How to Reduce Risk of Head Injury
Traumatic Brain Injury, or TBI, has been a hot topic in the news lately with multiple NFL players retiring at a young age due to fears of long-term symptoms due to concussions sustained on the playing field. Multiple traumas to the head can have devastating effects as you get older.
But you don’t need to be a football player to experience a traumatic head injury. In fact, there are tons of accidents that can happen in everyday life that can lead to permanent consequences. A blow to the head causes TBI, and there are varying degrees of brain injuries. But both the mild and serious ones leave a mark on your brain. While you may not feel like anything is wrong right away, over time, the effects of TBI take its toll. Try using these precautions to prevent TBI.
1. Practice safe driving.
While accidents can happen at any time without any warning, it is important to be prepared in case you find yourself in a crash. Car accidents are a leading cause of TBI. Make sure you always buckle yourself in every time you get in the car so you will be restrained from bashing your head against the dashboard in the event of an accident. And, of course, drinking and driving leads to accidents so you’ll want to avoid that as well. Be sure all kids are strapped into an age-appropriate car seat and are fastened in properly.
2. Wear a helmet.
While everyone can find an excuse to skip out on wearing a helmet while riding a bike, you really leave yourself open to serious injury if you don’t protect your brain. Even if you are worried about messing up your hair or just don’t have the time to buy a helmet, you must make the effort to protect yourself. All it takes is one fall off of a bike or motorcycle to smack your head and permanently damage your brain. This goes for playing sports as well – even if it is just a game of football in the local park, leaving the helmet at home could have consequences.
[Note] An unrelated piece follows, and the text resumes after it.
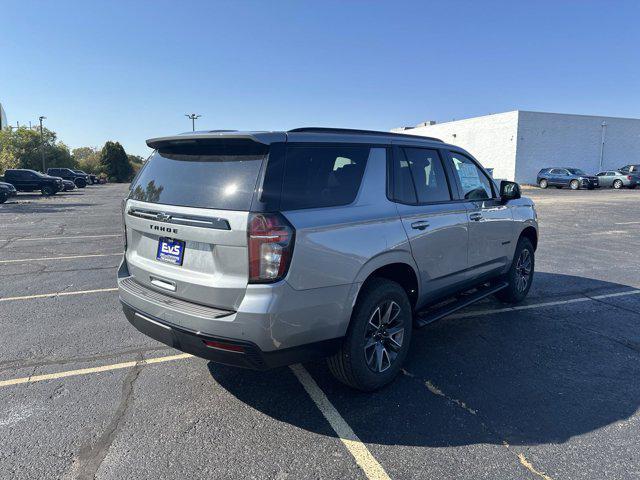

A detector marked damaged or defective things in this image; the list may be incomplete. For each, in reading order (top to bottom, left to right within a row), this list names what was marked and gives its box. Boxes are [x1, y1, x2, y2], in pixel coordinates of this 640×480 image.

pavement crack [72, 354, 143, 478]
3. Know the signs of traumatic brain injuries.
Everything may seem fine after you got your bell rung, but there are certain signs you need to look out for to tip you off that the injury may be a bit worse than just a bump on your head. If you have recurring neck and head pain, memory loss, unorthodox tiredness, ringing in your ears, dizziness, and even a changed sleeping pattern, you may have experienced a TBI. Visit your doctor to get the correct treatment and work towards preventing future injury.
4. Safeguard your house.
Sometimes the simplest solution is the most effective. Clear your house of obstructions that could be tripping hazards and lead to falls. Make sure the house is properly lighted and there are handrails to keep your balance while walking down stairs. If you prevent yourself from slipping, you can prevent brain injuries.